While on an expedition to Mussolini's Italy, young American Martin Padway is struck by lightning. When he comes to, he discovers himself to have been inexplicably transported to the waning days of the Roman Empire. Quickly realizing that he has no hope of returning home, Padway resolves to prop up the flagging Western Empire and stave off the approaching dark ages. But is he politically astute enough to handle the destructive forces within and without Rome?
L. Sprague De Camp's "Lest Darkness Fall" is justly considered a classic of science fiction. It's a time travel story, but it is also cited by many as an early example of the alternate history genre. So its influence cannot be understated.
De Camp is not aiming for gravity, which is probably a good thing. The book is a breezy, plot-driven adventure, not a meditation on history. Padway is a well-developed character, if perhaps a little TOO competent and resourceful. Upon realizing his predicament, Padway hunts up the basics, including a dwelling and a source of income, first with brandy, and then with a newssheet. However, Padway makes a quick jump from brandy merchant and printer to power-broker with surprising speed and confidence. He manipulates royalty and leads battles, surprising himself with his ruthlessness. While De Camp's story flirts with implausibility, it never enters the realm of ridiculous.
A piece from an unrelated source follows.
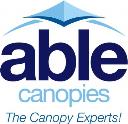 Able Canopies Ltd. logo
The supporting characters are generally likeable archetypes, like the banker who speaks to God, the formerly-rich soldier who has been reduced to acting as Padway's bodyguard, the senile monarch, and so on. They serve the story and Padway's quest. Moreover, while De Camp knows the history of the era, he opts for broad strokes, acknowledging the fractured nature of Christianity, the tension between West and East, and the multi-cultural state of Rome at this time. It's probably for the best, as this isn't a treatise on the fall of Rome, but a story about Padway. Nonetheless, the reader may feel slightly adrift in generally unfamiliar era.
"Lest Darkness Falls" is a book that satisfies the reader's desire for a good adventure, if not the desire for brain-food. It's an entertaining tale, and is worth reading on its own merits, as well as an artifact of sci-fi.